## TASK DIRECTIONS:
The pictures are to be left out, and all remaining data is to be transcribed exactly as it appears.

## DATA UNDER STUDY:
• • •

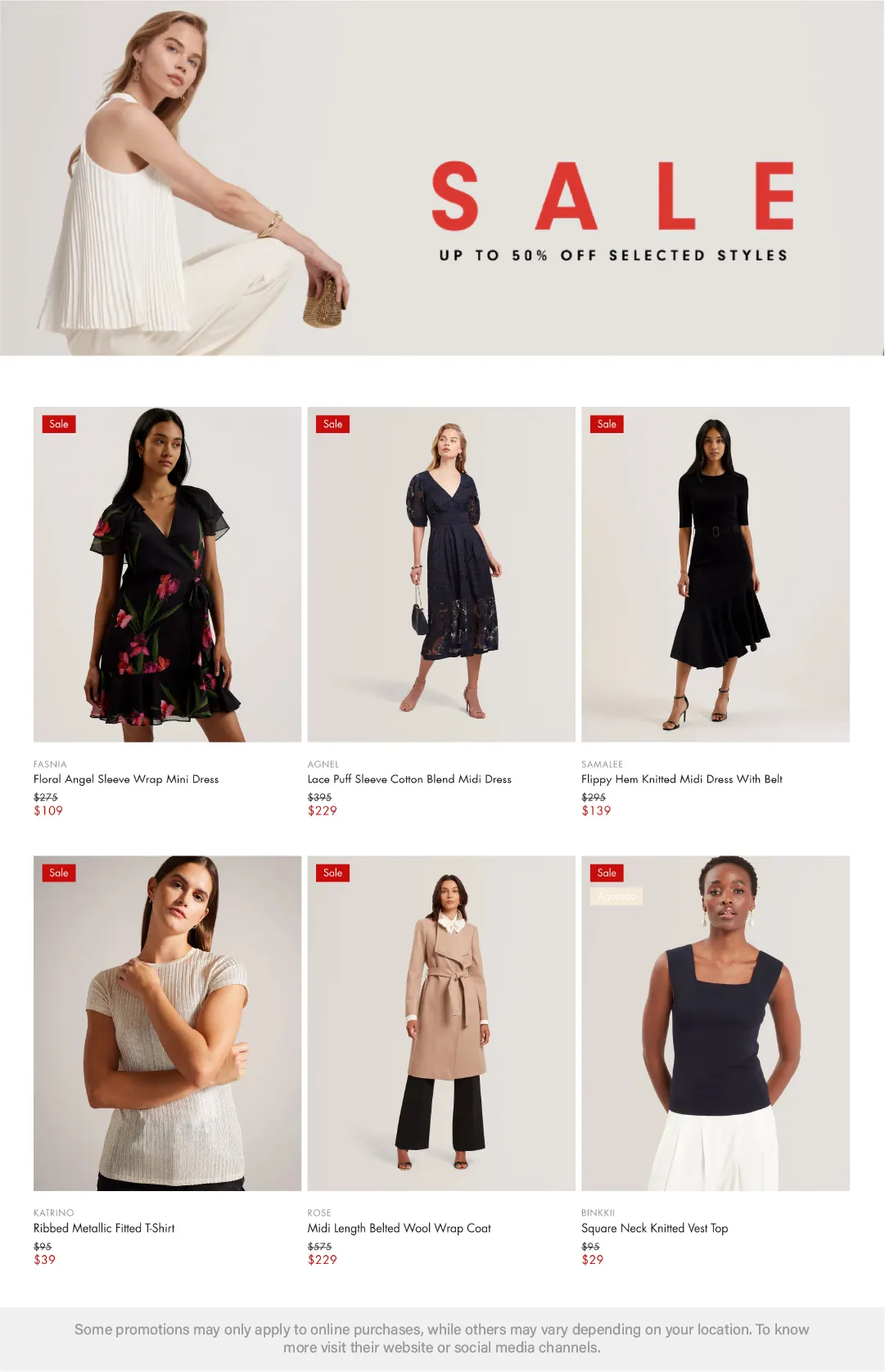 Weekly ad Weekly ads from September 9 to September 25 2025 - Page 3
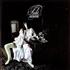 Frida Frida Ensam CD album Swedish FRICDFR326396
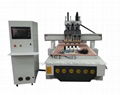 Woodworking CNC Router machinery CNC Engraving machine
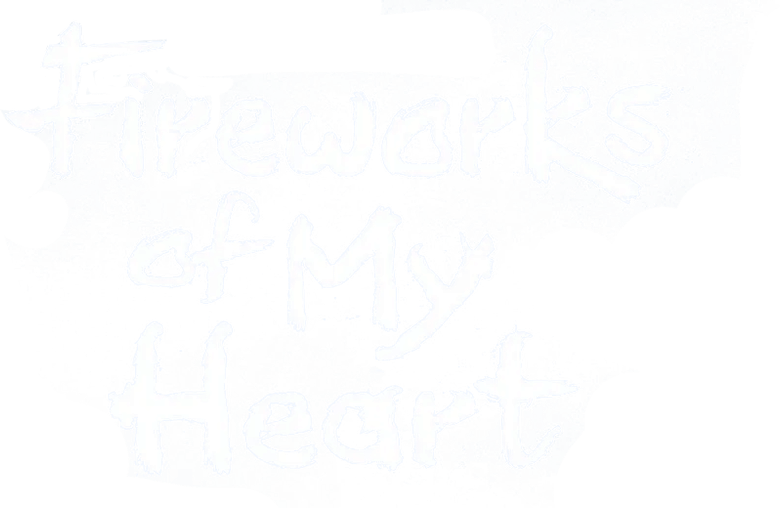 Fireworks of My Heart logo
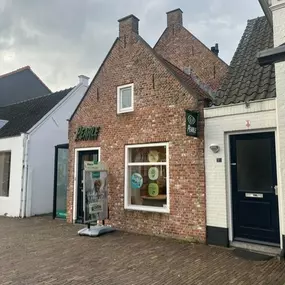 Bild von Pearle Opticiens Oisterwijk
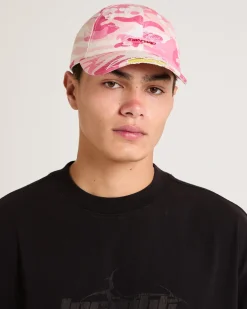 Radioactive Cap
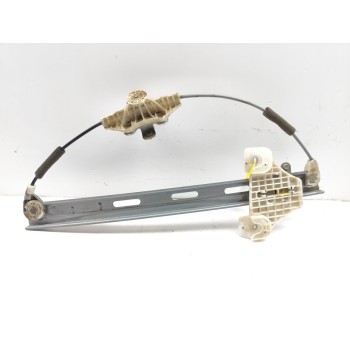 Recambio de elevalunas trasero derecho para hyundai i20 classic referencia OEM IAM 83402C7000  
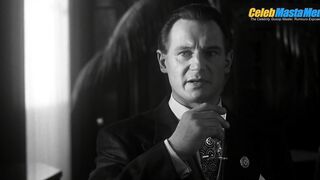 LIAM NEESON NUDE/SEXY SCENE IN SCHINDLER'S LIST
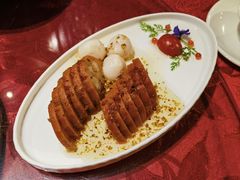 -正阳门饭庄·烤鸭·北京菜(万丰路七里庄店)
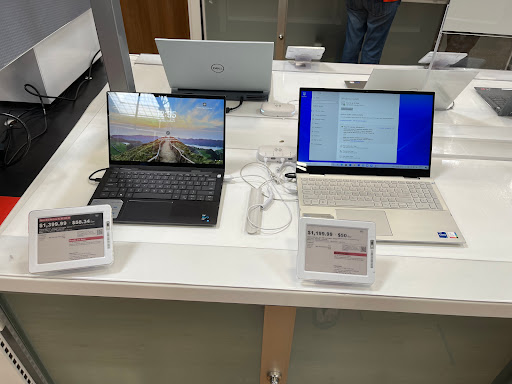 Best Buy image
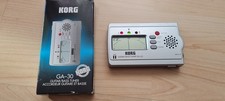 Korg Gitarre & Bass Tuner
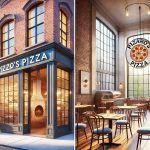 Pizaro's Pizza Continues to Expand With an Opening Coming to the North Braes Shopping Center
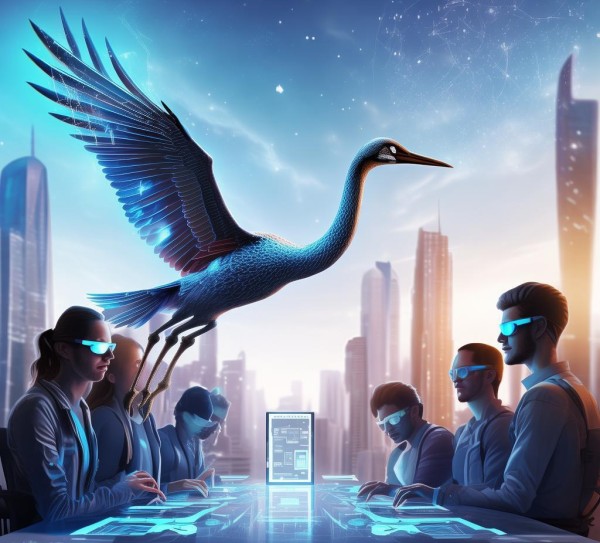 鹤壁软件开发定制的创新之路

• • •

## OUTPUT FOR THIS EXERCISE:
 Weekly ad Weekly ads from September 9 to September 25 2025 - Page 3
 Frida Frida Ensam CD album Swedish FRICDFR326396
 Woodworking CNC Router machinery CNC Engraving machine
 Fireworks of My Heart logo
 Bild von Pearle Opticiens Oisterwijk
 Radioactive Cap
 Recambio de elevalunas trasero derecho para hyundai i20 classic referencia OEM IAM 83402C7000  
 LIAM NEESON NUDE/SEXY SCENE IN SCHINDLER'S LIST
 -正阳门饭庄·烤鸭·北京菜(万丰路七里庄店)
 Best Buy image
 Korg Gitarre & Bass Tuner
 Pizaro's Pizza Continues to Expand With an Opening Coming to the North Braes Shopping Center
 鹤壁软件开发定制的创新之路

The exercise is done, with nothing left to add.